Optimal Stochastic Trace Estimation in Generative Modeling
Xinyang Liu, Hengrong Du, Wei Deng, Ruqi Zhang
TL;DR
The paper tackles the high-variance challenge of Hutchinson trace estimation in OT-guided generative modeling and diffusion-based objectives. It introduces Hutch++, a variance-reduced trace estimator that splits the trace into a exact large-eigenvalue component and a stochastic remainder, with an acceleration scheme that reuses the top eigenvectors via QR factorizations amortized over time. Theoretical analysis provides unbiasedness and variance bounds, plus complexity considerations, showing substantial variance reductions over the vanilla Hutchinson estimator. Empirically, Hutch++ improves training efficiency and generation quality across neural ODE-based models, Schrödinger-bridge diffusion, time-series tasks, and image generation, demonstrating scalable OT guarantees with high-dimensional data.
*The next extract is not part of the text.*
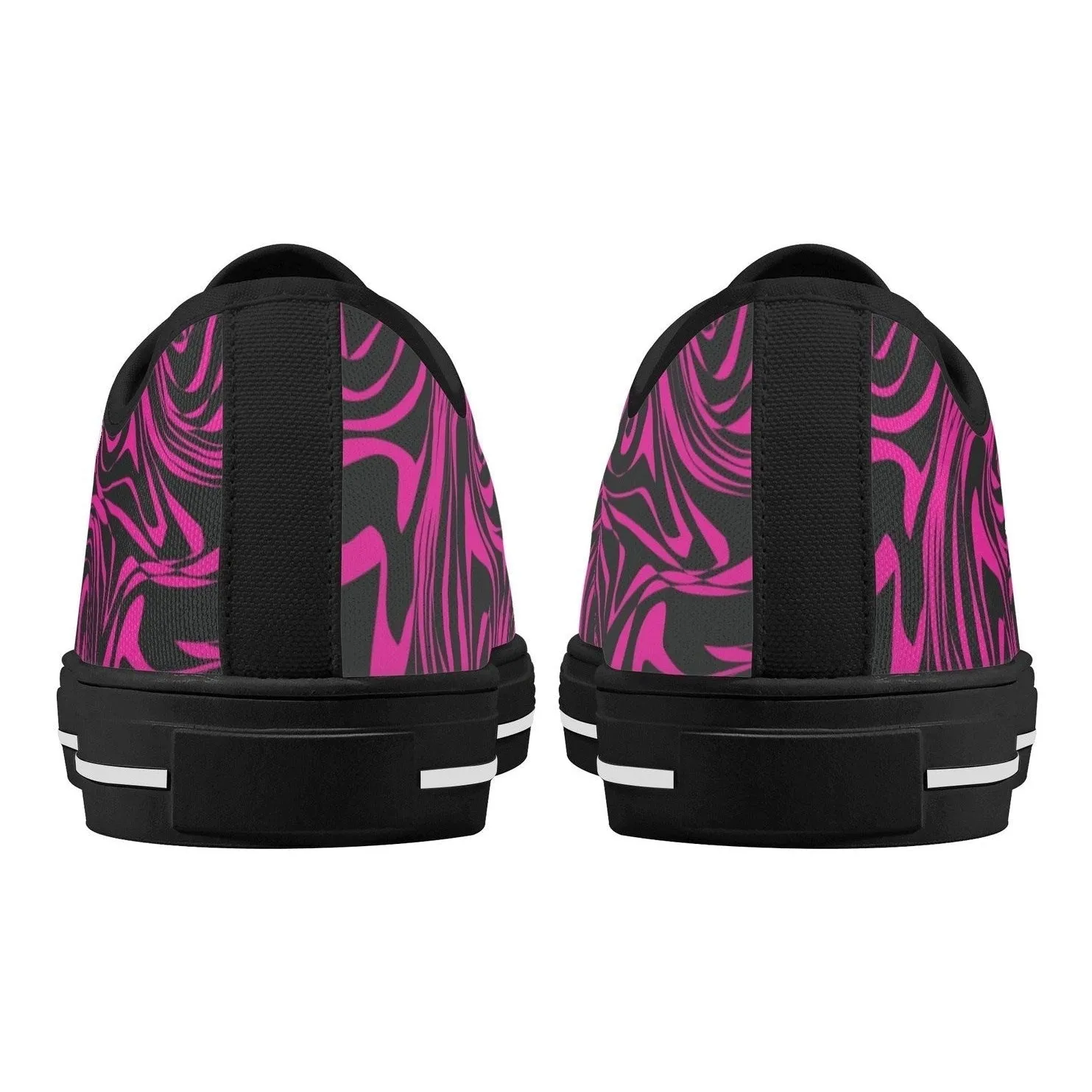 Pink Zebra Womens  Low Top Canvas Shoes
The approach enables faster, more accurate transport maps in diverse generative settings and holds potential for broad applicability in OT-based learning and simulations.
Abstract
Hutchinson estimators are widely employed in training divergence-based likelihoods for diffusion models to ensure optimal transport (OT) properties. However, this estimator often suffers from high variance and scalability concerns. To address these challenges, we investigate Hutch++, an optimal stochastic trace estimator for generative models, designed to minimize training variance while maintaining transport optimality. Hutch++ is particularly effective for handling ill-conditioned matrices with large condition numbers, which commonly arise when high-dimensional data exhibits a low-dimensional structure. To mitigate the need for frequent and costly QR decompositions, we propose practical schemes that balance frequency and accuracy, backed by theoretical guarantees. Our analysis demonstrates that Hutch++ leads to generations of higher quality. Furthermore, this method exhibits effective variance reduction in various applications, including simulations, conditional time series forecasts, and image generation.